Dataset items:
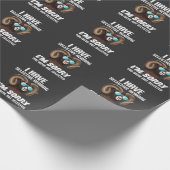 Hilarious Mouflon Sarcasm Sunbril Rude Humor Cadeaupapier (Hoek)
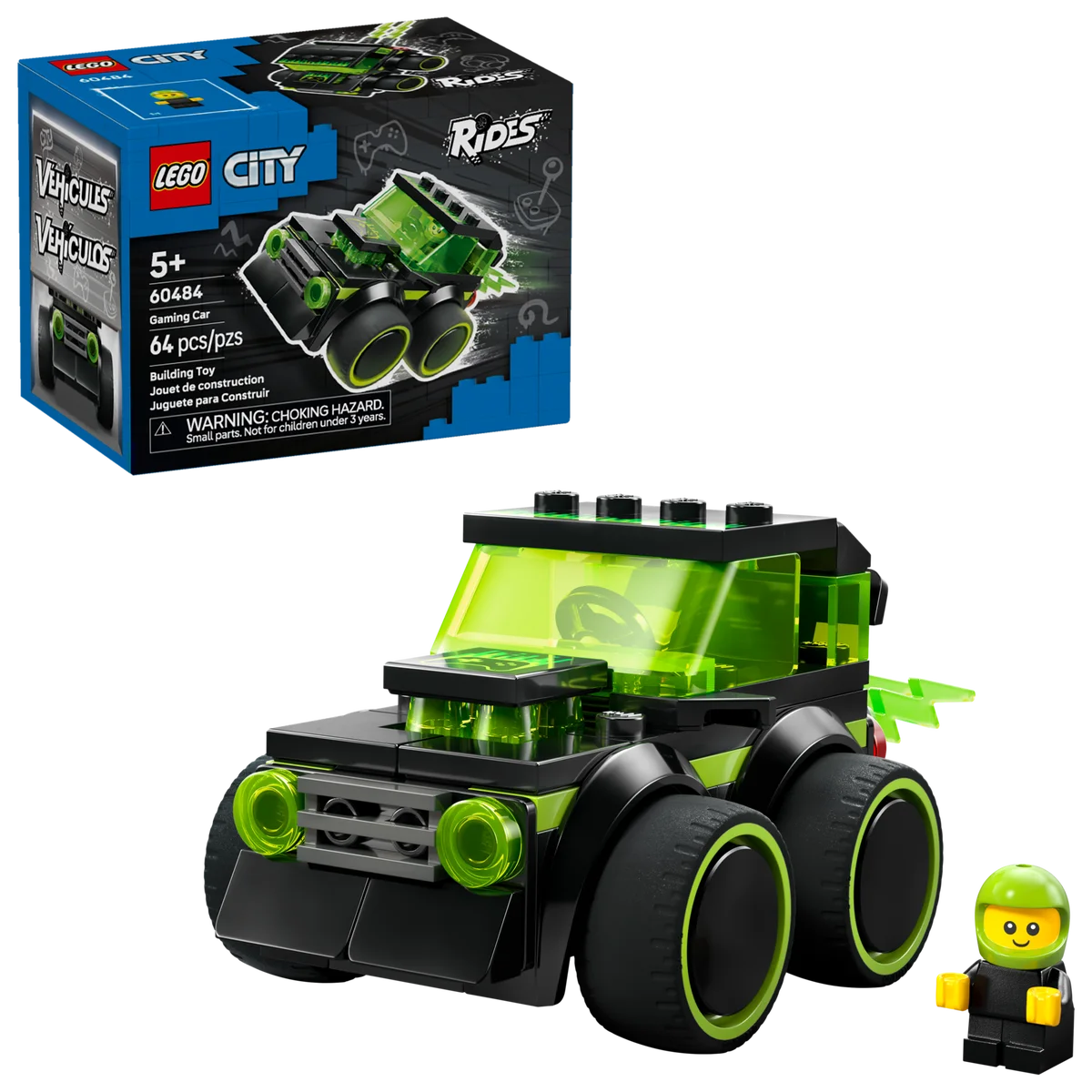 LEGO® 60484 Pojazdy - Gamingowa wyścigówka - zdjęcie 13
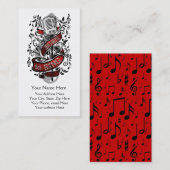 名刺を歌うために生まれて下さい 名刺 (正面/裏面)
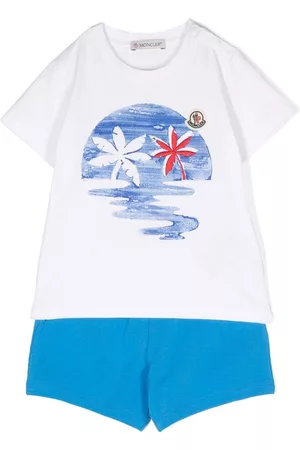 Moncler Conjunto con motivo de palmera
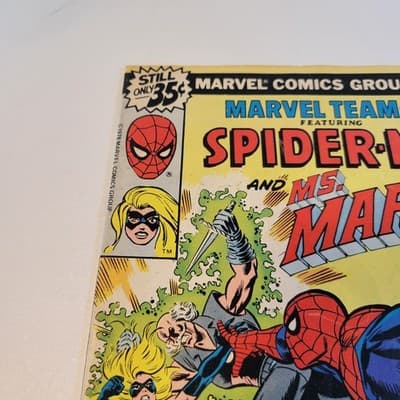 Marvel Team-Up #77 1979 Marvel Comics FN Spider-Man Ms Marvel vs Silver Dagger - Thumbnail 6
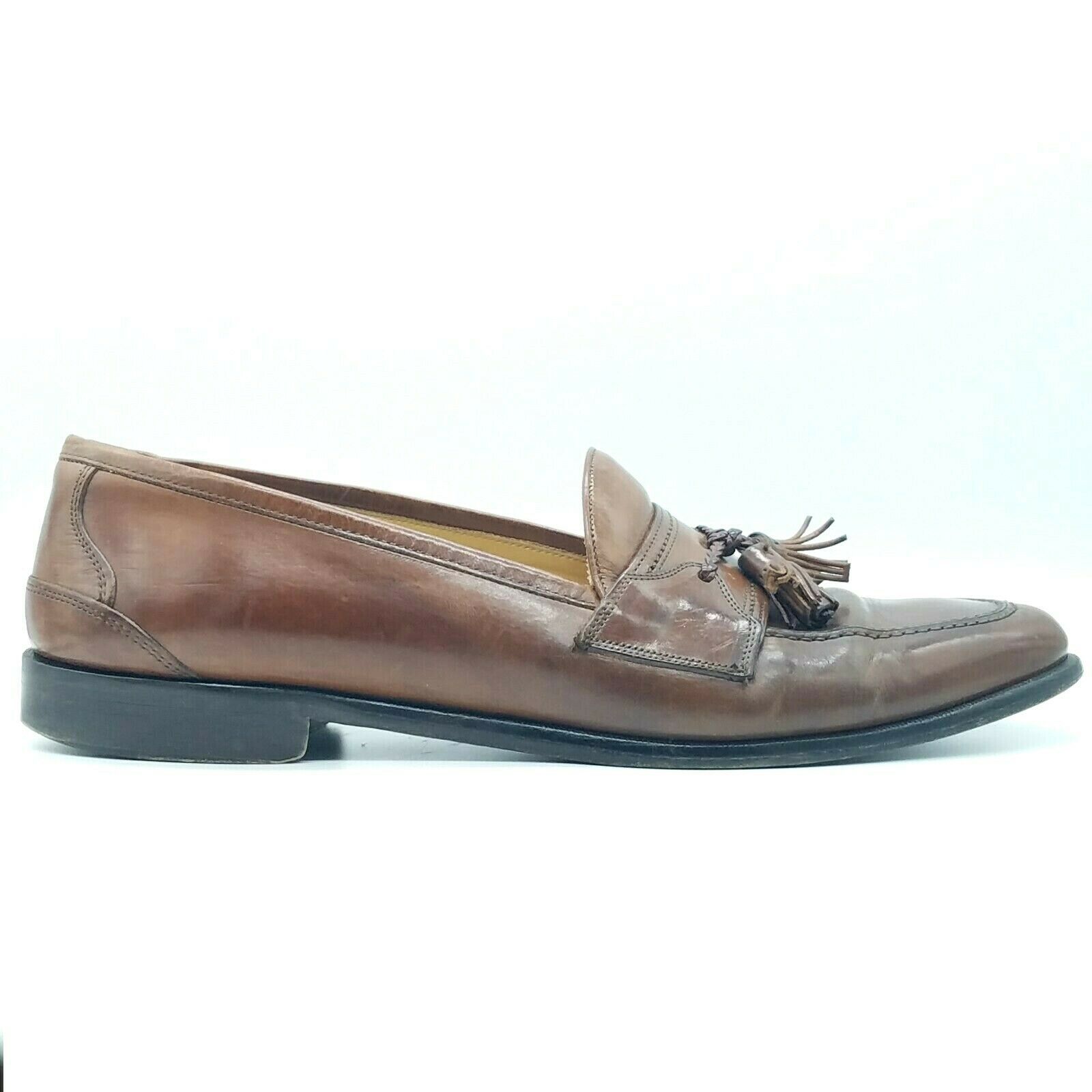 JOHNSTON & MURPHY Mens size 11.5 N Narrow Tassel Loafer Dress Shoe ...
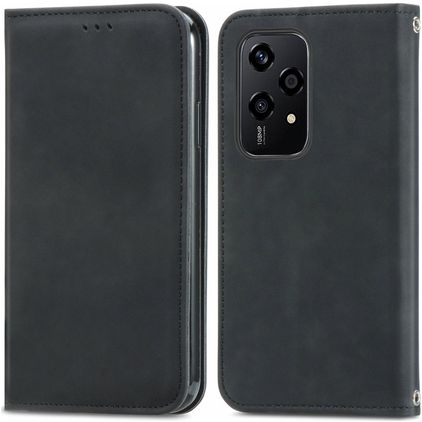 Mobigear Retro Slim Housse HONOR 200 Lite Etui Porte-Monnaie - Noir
==
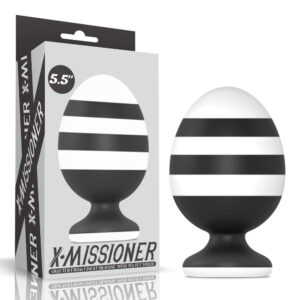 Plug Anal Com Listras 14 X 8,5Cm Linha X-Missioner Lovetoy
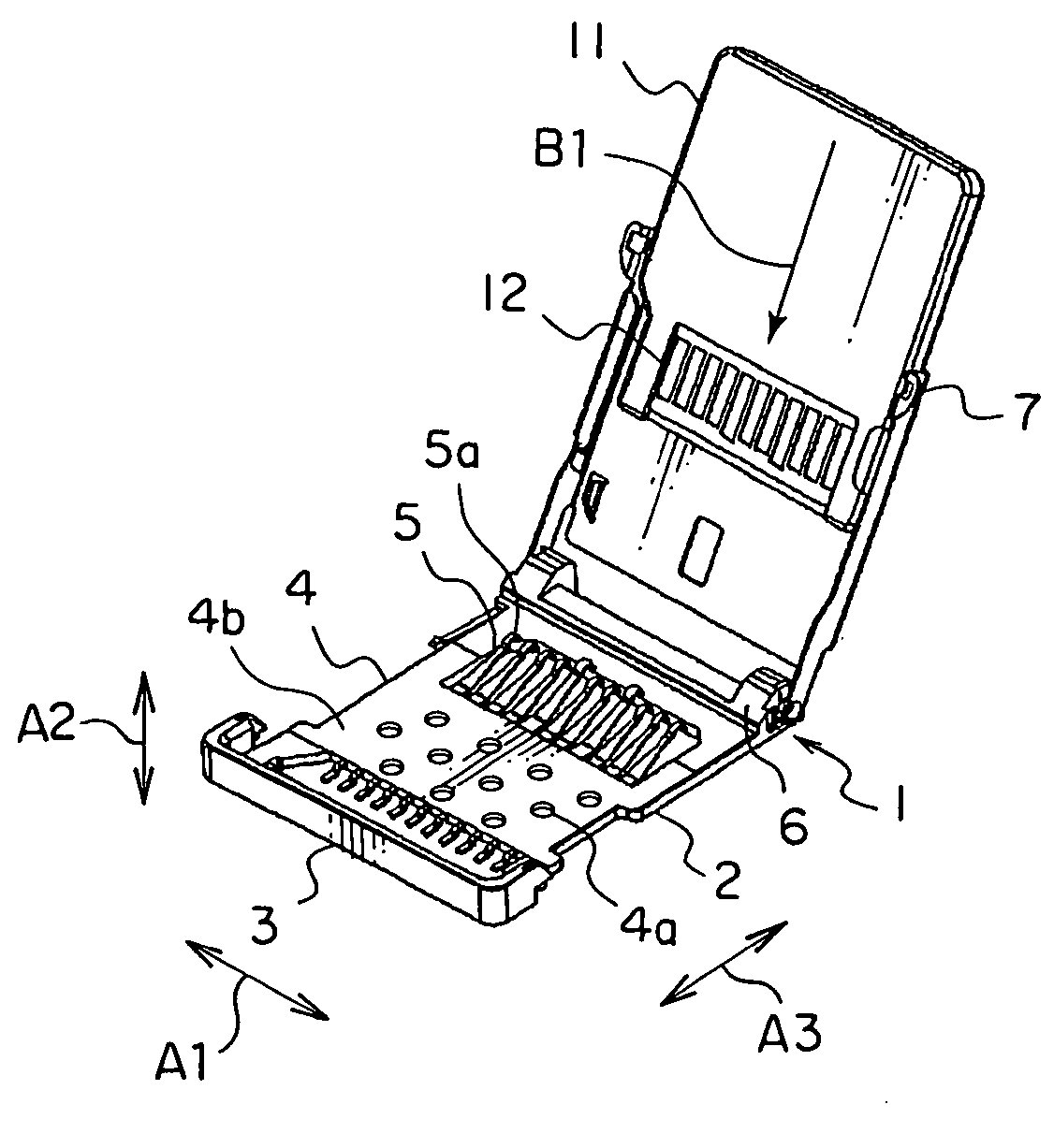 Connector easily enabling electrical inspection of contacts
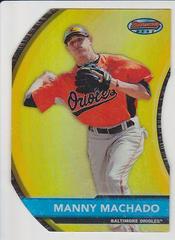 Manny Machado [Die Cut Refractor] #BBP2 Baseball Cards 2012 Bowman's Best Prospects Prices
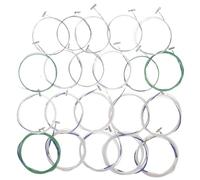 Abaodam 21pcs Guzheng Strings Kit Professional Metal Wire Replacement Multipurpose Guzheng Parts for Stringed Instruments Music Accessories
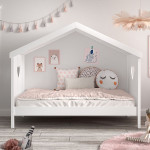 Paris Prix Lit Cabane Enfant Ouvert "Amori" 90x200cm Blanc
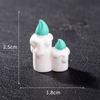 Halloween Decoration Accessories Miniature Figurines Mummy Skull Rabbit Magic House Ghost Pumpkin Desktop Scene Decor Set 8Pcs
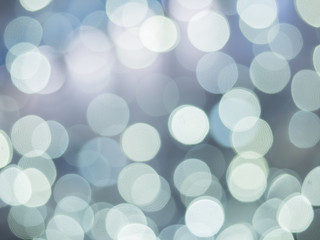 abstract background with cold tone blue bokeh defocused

= ABOUT THIS EXERCISE =
Reproduce, exactly and only, the lines of the records above starting at the line with "Abaodam 21pcs Guzheng" and ending at the line with "abstract background with", both included. Leave every picture out.

= OUTPUT FOR THIS EXERCISE =
 Abaodam 21pcs Guzheng Strings Kit Professional Metal Wire Replacement Multipurpose Guzheng Parts for Stringed Instruments Music Accessories
 Paris Prix Lit Cabane Enfant Ouvert "Amori" 90x200cm Blanc
 Halloween Decoration Accessories Miniature Figurines Mummy Skull Rabbit Magic House Ghost Pumpkin Desktop Scene Decor Set 8Pcs
 abstract background with cold tone blue bokeh defocused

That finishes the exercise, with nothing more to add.